# Automatic differentiation - ForwardDiff: components of gradient

Hello, I’m once again running into some limitation of my Julia skills

# Background

I’m using forward mode automated differentiation on a function F that maps a matrix A\in\mathbb{R}^{N \times N} to \mathbb{R} F(A):\mathbb{R}^{N \times N}\mapsto \mathbb{R}. Given the function and an input matrix, I’m able to compute the gradient \nabla F with respect to each element in A:

\nabla F = \left[ \begin{matrix} \dfrac{\partial F}{\partial a_{1,1}} & \dots & \dfrac{\partial F}{\partial a_{1,N}} \\ \vdots & \ddots & \vdots \\ \dfrac{\partial F}{\partial a_{N,1}} & \dots & \dfrac{\partial F}{\partial a_{N,N}} \end{matrix} \right]

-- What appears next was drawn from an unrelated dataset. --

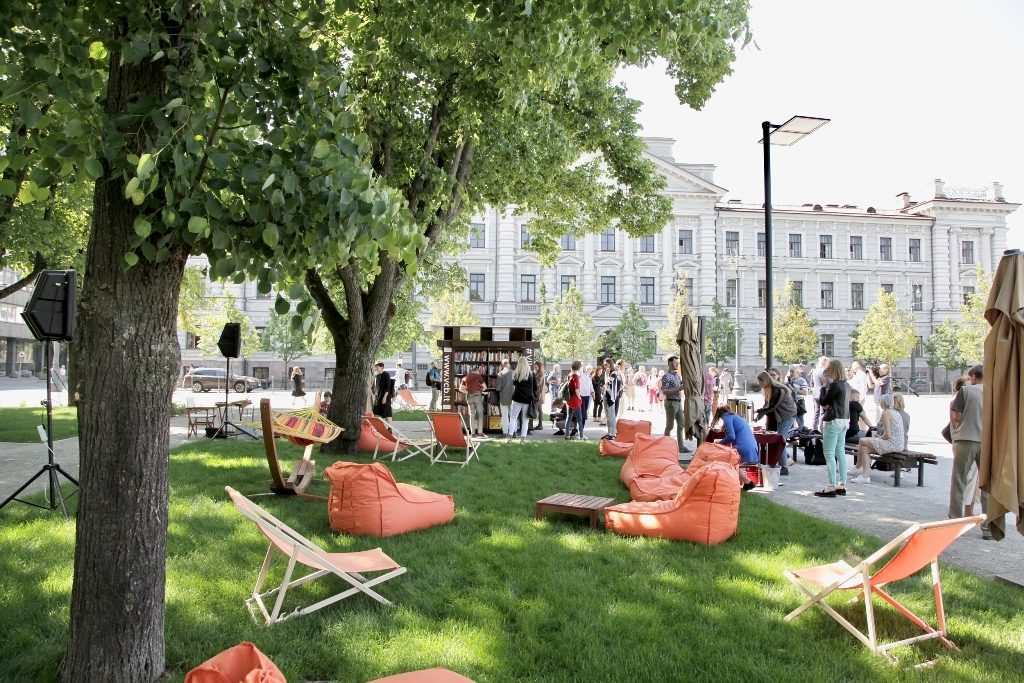 Vilniuje atidaryta unikali skaitykla po atviru dangumi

using ForwardDiff.gradient(F,A). Using ForwardDiff is faster than using the analytical expressions of the partial derivatives, even for small problems (N<100).

# Problem setting

Some numerical experiments for the actual application have shown that there are a lot of identical values in the matrix \nabla F - which can be (very) large - so I’d like to gain some computation time and memory by only computing the unique elements of \nabla F (and combine this with IndirectArrays).

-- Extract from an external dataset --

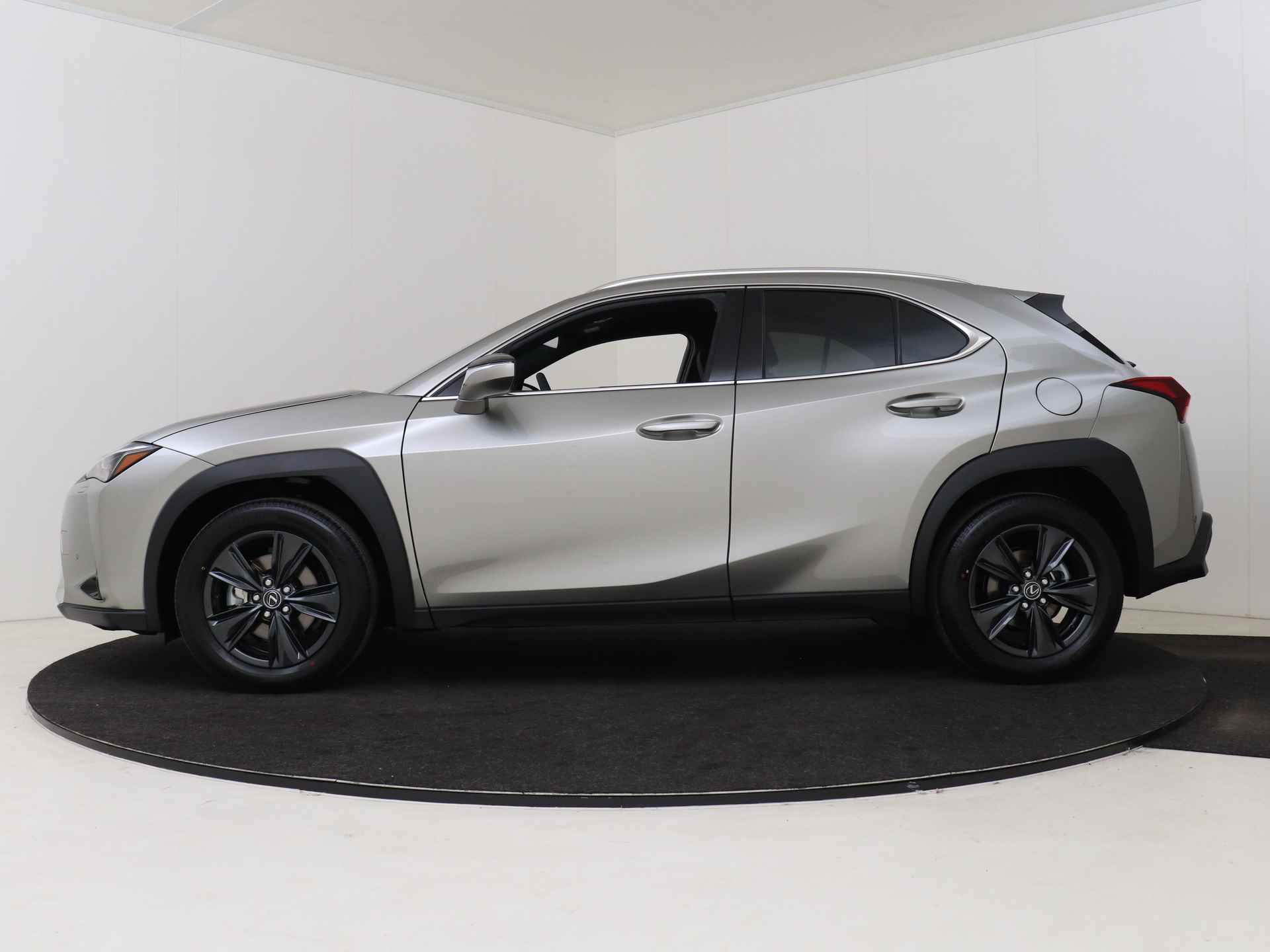 Lexus UX 300h Urban Line | Stoel & Stuurverwarming | Premium Navigatie | Comfort Pack | - 4/54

Based on what I’ve read here, I made a MWE to calculate a specific \dfrac{\partial F}{\partial a_{i,j}} for a function F.

    using ForwardDiff
N = 100
# testfunction with result initiated within function
function F(x::AbstractArray{T}) where {T}
res = zero(eltype(x))
for i in 1:size(x,1)
for j in 1:size(x,2)
res += x[i,j]^(i/j)
end
end
return res
end

# location where we want the gradient
A = rand(N,N)

# computing the gradient (for all variables) > OK

# computing a specific component of the gradient > OK
inds = LinearIndices((N,N))
(t,s) = (1,3)  # value for which we are searching partial derivative: ∂foo/∂a_{t,s}
vv = inds[t,s] # associated linear index
subfoo = x -> F(reshape(vcat(A[1:vv-1], x, A[vv+1:end]), N,:))
res = ForwardDiff.derivative(subfoo, A[t,s])

@assert res == ∇foo[t,s]


This works, but I have the following questions:

1. Could this be made more efficient? Especially the definition of subfoo, where a new matrix needs to be defined for each (t,s). Maybe pre-allocate this in some way?
2. How could this implemented in a more generic way for different functions? Below I added an additional example, where I would like to avoid a lot of matrix generations, but this is not working (commented line)
	function bigfoo(t,s,foo::Function, A::AbstractArray, args...)
backup = copy(A[t,s]) # copy original value of A[t,s]

# closure - no new matrix (not working)
#localfoo = (x::Number,) -> foo(setindex!(A,x,t,s), args...)

# closure - new matrix (working, but builds a lot of matrices)
inds = LinearIndices((N,N))
(t,s) = (1,3)  # value for which we are searching partial derivative: ∂foo/∂a_{t,s}
vv = inds[t,s] # associated linear index
localfoo = (x::Number,) -> foo(reshape(vcat(A[1:vv-1], x, A[vv+1:end]), N,:), args...)

res = ForwardDiff.derivative(localfoo, A[t,s])
# restore original value (used to undo the setindex!)
A[t,s] = backup
return res
end

@assert	bigfoo(t,s, F, A) == ∇foo[t,s]

1. Finally, what would be an efficient manner to identify the values that will be identical in \nabla F? I’m currently thinking about using an analytically determined gradient (on a smaller scale) and expand the patterns of identical values to the scale of the real problem.

All the above was done in Julia 1.6.